This moment is when service based business should take a look at SaaS companies. These businesses do not launch with the creme-de-la-creme version first. They launch with version 1.0, get the bugs worked out and get to audience critical mass. Then they look at version 2.0. The lesson here for service-based business is not to add too much complexity too soon.

Your business needs to deliver the best product you can sustainably deliver at 10 clients, or 100 clients, and you need to stay in your lane while you master the ability to do so.

It's the fear (and sometimes the nearly empty bank account) that has you jumping on every opportunity and client that comes your way. This is a dangerous cycle to get stuck in. It is important to realize that not all money is good money in your business.

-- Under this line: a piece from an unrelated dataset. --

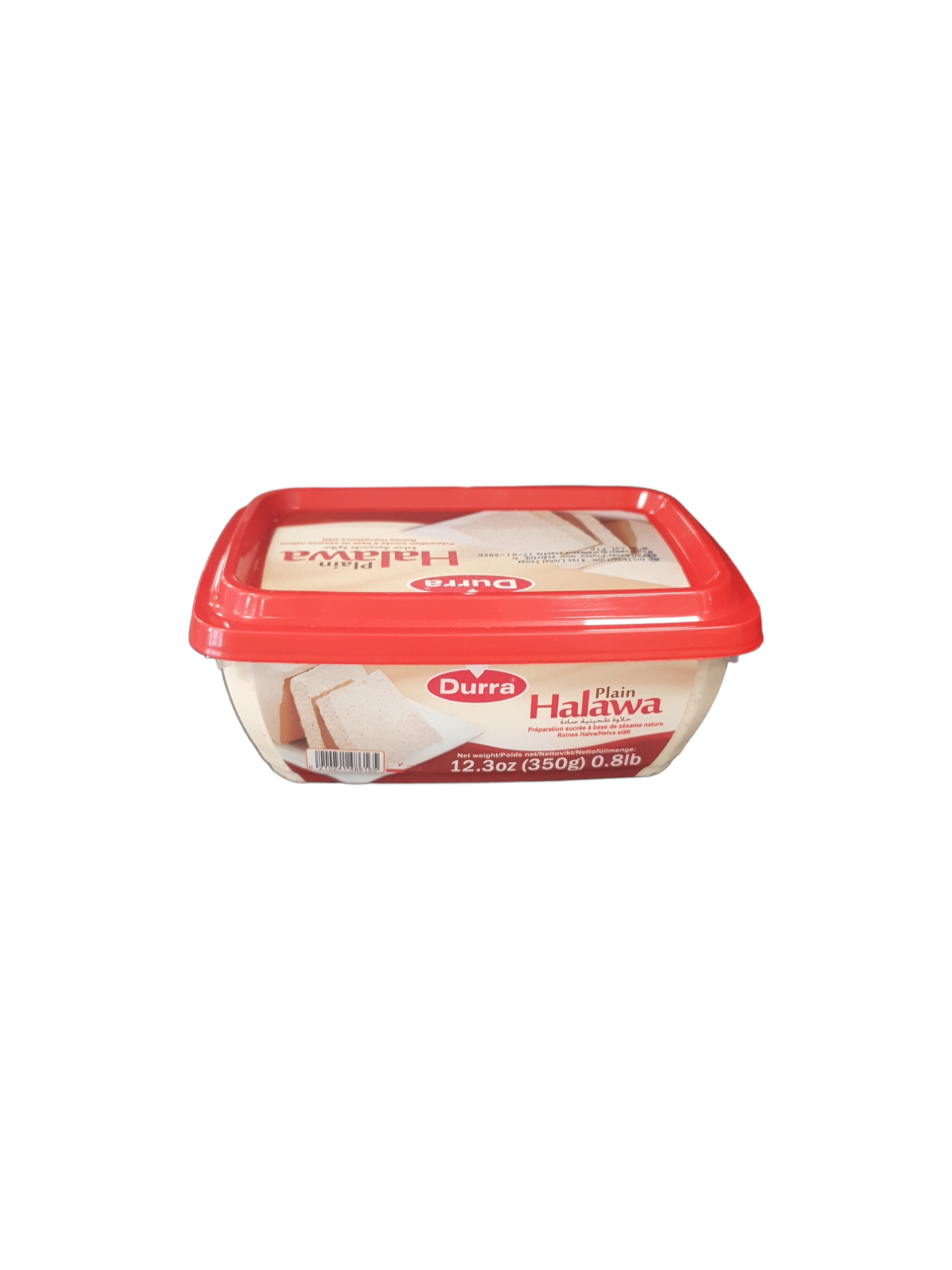 DURRA - HALAWA NATURE - 700g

You need to question the opportunities and whether they keep you in your lane, or detour you off course. Follow the path!

If you are looking at what your business needs in order to scale richly, get the money right first. That is the first order of business. Positive cash flow puts you in the driver's seat and gives you freedom of choice. Refine your services and the way that work is done so that the delivery is sustainable at 5x your current operating level. That gives you profit and scalability. Stay focused in your lane for as long as it makes sense.

While you will always need clients in your business, they should not always be your primary focus. As your business evolves, your systems should be reliably producing clients in your business so that you can put your attention to scaling your business.